My last post was rather brief as, if you recall, I left my power adaptor in Chongqing and my batteries were flagging. So, let me fill in some of the details.
Thursday (8th March), Shanghai: Since my last visit over 7 years ago like all cities in China (especially the first tier ones) it has grown, upwards. Before, there was just the Pearl Tower – a futuristic looking TV tower with a large sphere like structure half way up – think Flash Gordon and you’ve got it. Anyway, when I last saw it, it was sitting on its own on the East bank of the Huangpo river. Now it is just one of many in the Pudong district, a huge area that strectches to the sea around 30km to the East of downtown.
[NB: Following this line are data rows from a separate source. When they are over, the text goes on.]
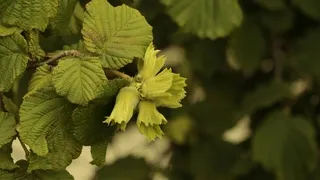 Fındık fiyatı rekor kırdı; İşte son durum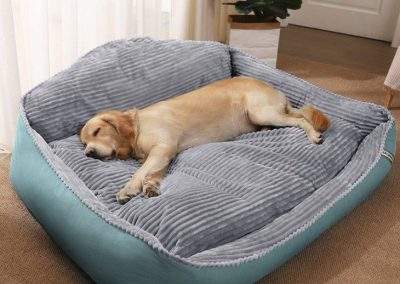 Ciney Dog Bed Singapore Pet Bed Singapore SingaporeHomeFurniture
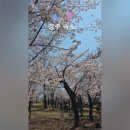 어썸웨이1 네이버블로그
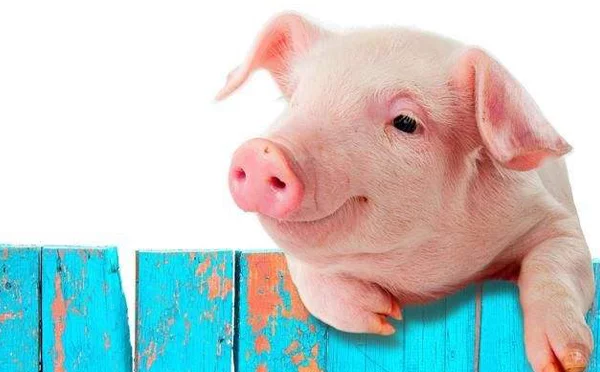 4、属猪人将迎来天塌大事:属猪人年全年运势及运程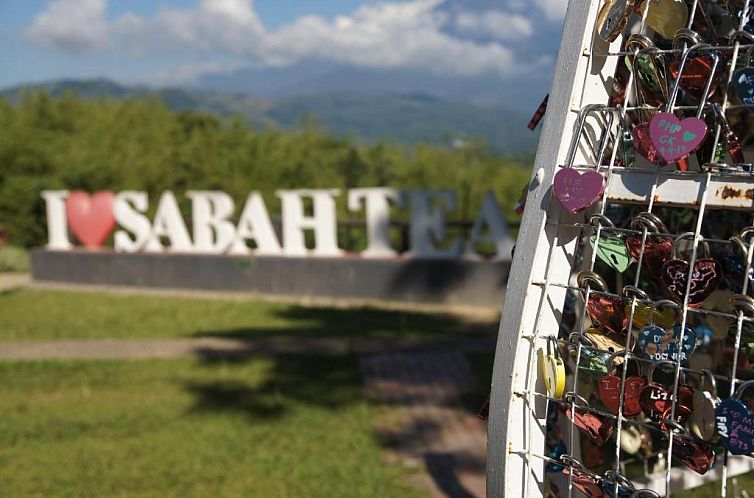 Sabah Tea Garden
As I mentioned previously I was given a tour in the morning, and lunch in the YuYuan old town area which, rather disappointingly in some ways, is actually a facade: behind the carved wooden exteriors lie buildings of steel reinforced concrete – you could blame the Japanese but it didn’t have to be reconstructed in this manner. In the afternoon we visited some agents, the best of which was a guy called Colin who actually has offices in the UK. Nice bloke but we turned down his offer of a meal and ate instead in the trendy Xintiandi district. Now, normally I hate the fat on meat and like a pansy have always cut it off, much to my mothers dismay. I hope she is not reading this because Grandma’s Braised Pork Stew was fantastic and the fat, of which there was a lot, was firm, almost rubbery but absolutely delicious. We grabbed a cab back to the hotel afterwards, the female driver was listening to rock music, was small and dressed in a way that made me think of Blade Runner. In fact, Shanghai conjours up many images of Blade Runner in my mind; at night the roof details of the many skyscrapers are really futuristic.
Wuhan, Friday/Saturday: Arriving in Wuhan wasn’t quite a shock but the contrast between this second tier city and Beijing, Shanghai or even Chongqing was quite obvious… things are generally shabbier, businesses spilling onto the street, more bicycles. Nevertheless Wuhan is still a big city, you could easily fit Birmingham inside it. The exhibition was very well attended and for once Warwick had a good position and the stand had busy trade all day. As has been the case however, so many of the prospective want Business and Finance and the engineers we saw were few and far between. For some reason there were quite a few materials science peeps.
We were late getting to the restaurant on Friday evening and so had to queue – we’d been warned but couldn’t avoid the traffic jams. After waiting for around 40 minutes we decided to leave… we were a few paces down the road when one of the floor managers (in a long black skirt and elegant hat) caught up with us and showed us to a side entrance where we were told we could have the next table. There are some advantages to being a ‘Ghost’ even though it did mean that I am still feeling a little guilty about being a queue jumper (well, not that much). Amongst the various dishes were and amazing sweet and sour fish and a surprise vegetable dish: crispy shredded potato, or…...french fries.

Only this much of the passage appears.